◆ Instructions for the task:
Omit the pictures, then reproduce exactly the line bearing "Cargador multipuerto 65W" and every line after it up to and including the last line of the entries below.

◆ Input data:

= Beginning of Section =

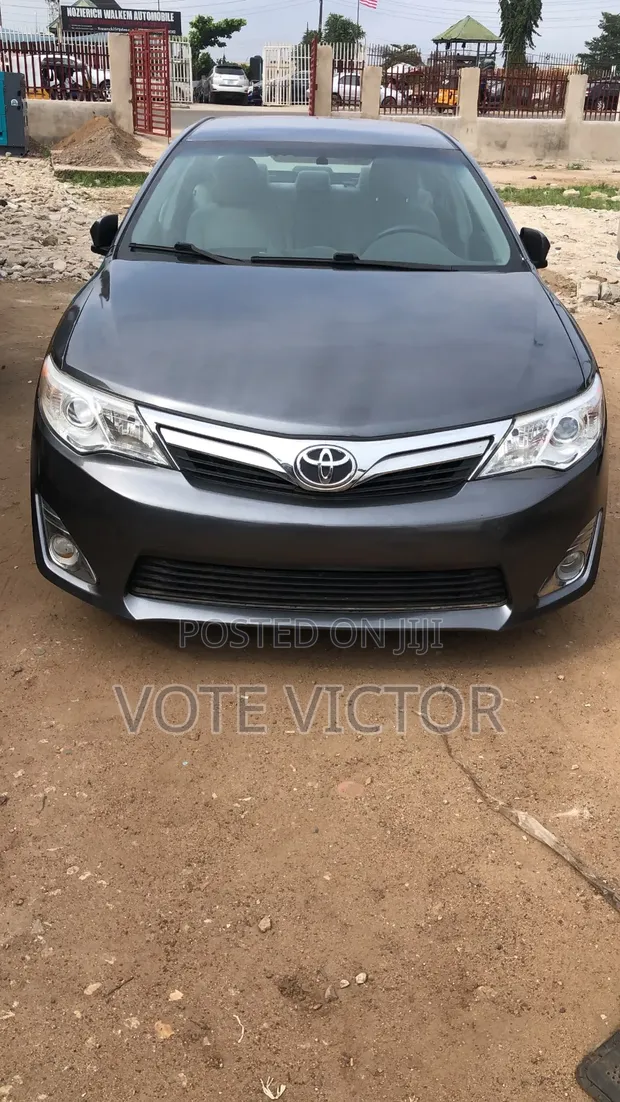 2014 Toyota Camry XLE Sedan - 1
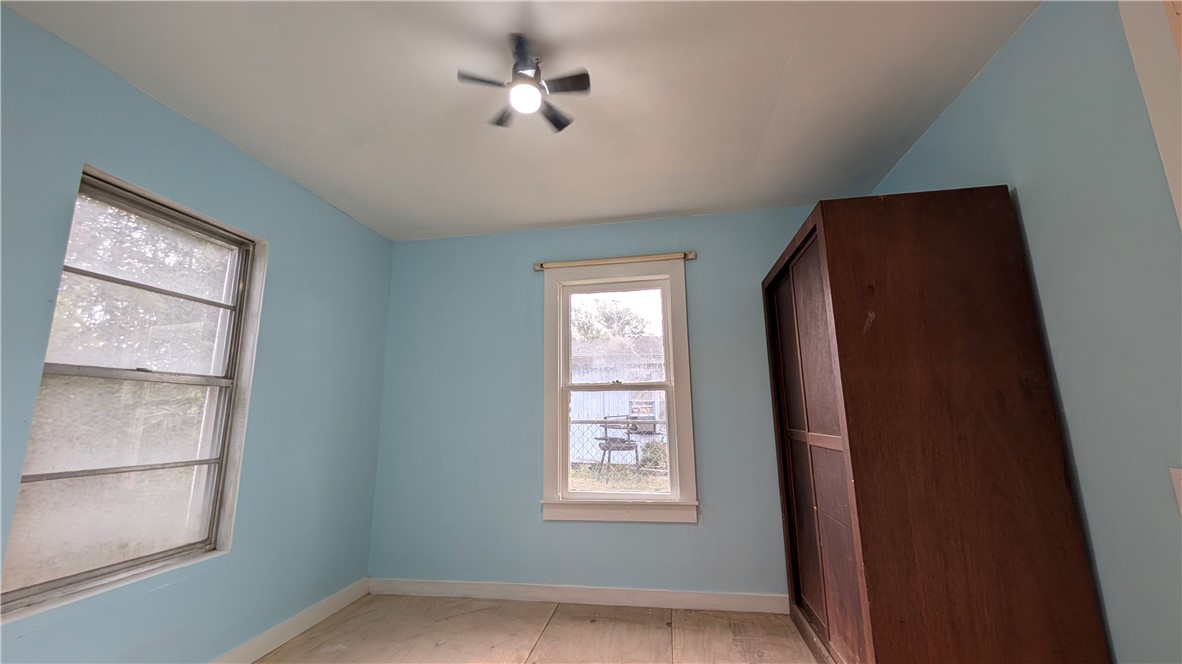 916 E Henrietta Ave Property Photo 17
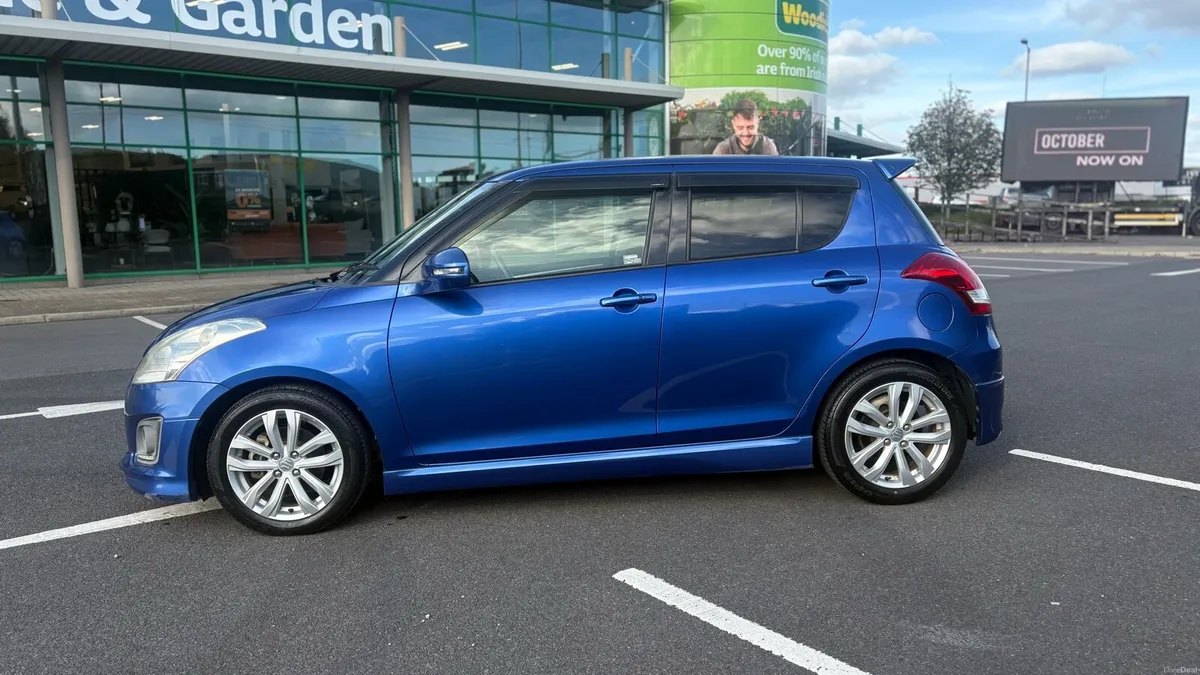 Suzuki swift rs hybrid 2015 automatic - Image 3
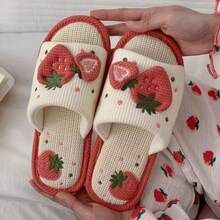 XIXITIAO 1 Pasang Sandal Dalam Ruangan Musim Semi/Panas, Motif Stroberi, Sandal Kasual Berbentuk Kartun Lucu dengan Ujung Terbuka dan Sol Lembut, Cocok untuk Sandal Rumah Dalam Ruangan dengan Sol Lembut - Red and White - View 6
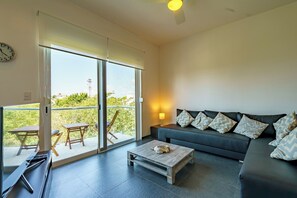 2 bedrooms, Internet - Penthouse w Private Jacuzzi Steps to 5thav Beach (Playa del Carmen)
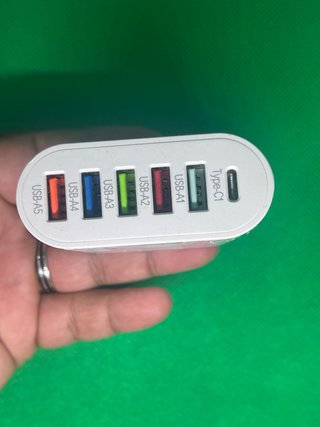 Cargador multipuerto 65W 5 USB + 1 USB-C blanco
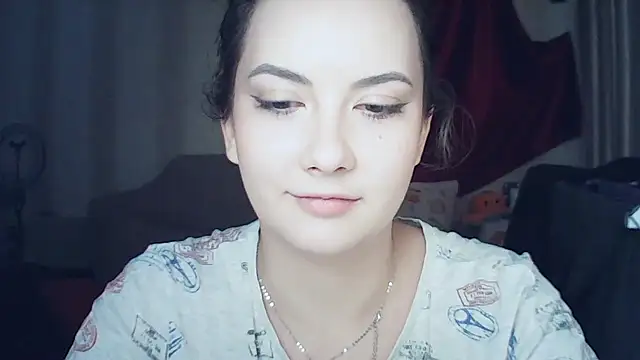 Snapshot of MoodieMira chatting on 11/26/25, 07:04 MoodieMira online show from 11/26/25, 07:04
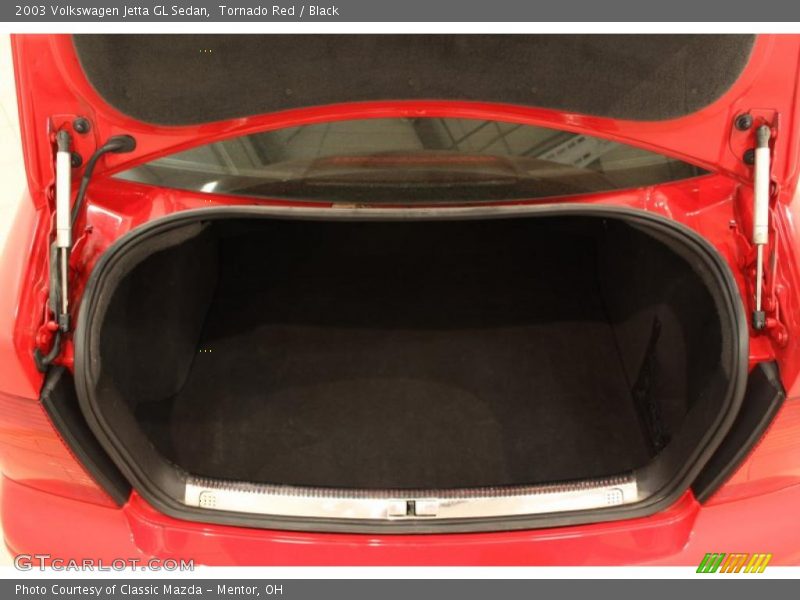 Tornado Red / Black 2003 Volkswagen Jetta GL Sedan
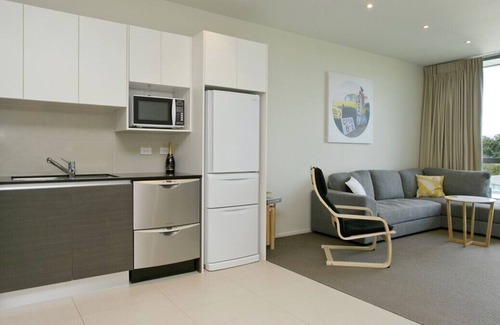 Taupo Cottage | Harbourview Apartment - Taupo Holiday Apartment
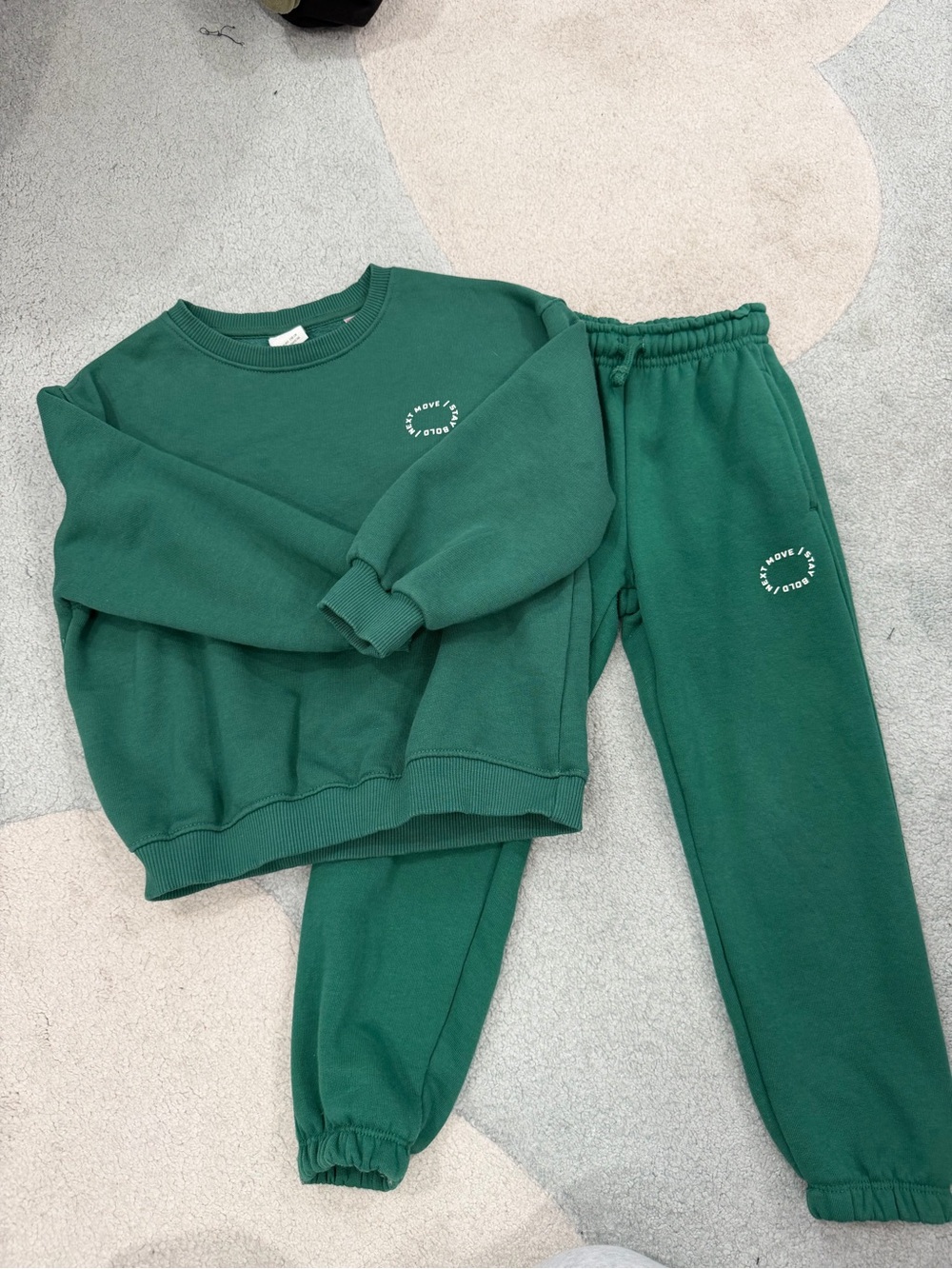 Zara Toddler 5T Kelly Green Jogger Set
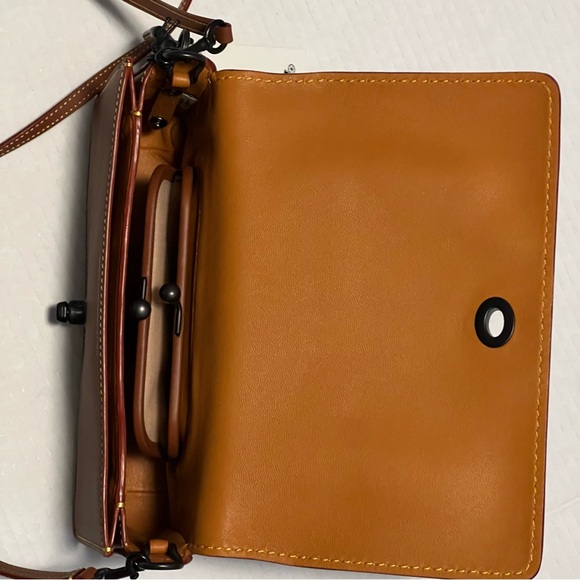 Coach Saddle Leather Turnlock Crossbody Dinky 1941 NWT - Picture 7 of 8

= End of Section =

◆ Response area:
 Cargador multipuerto 65W 5 USB + 1 USB-C blanco
 Snapshot of MoodieMira chatting on 11/26/25, 07:04 MoodieMira online show from 11/26/25, 07:04
 Tornado Red / Black 2003 Volkswagen Jetta GL Sedan
 Taupo Cottage | Harbourview Apartment - Taupo Holiday Apartment
 Zara Toddler 5T Kelly Green Jogger Set
 Coach Saddle Leather Turnlock Crossbody Dinky 1941 NWT - Picture 7 of 8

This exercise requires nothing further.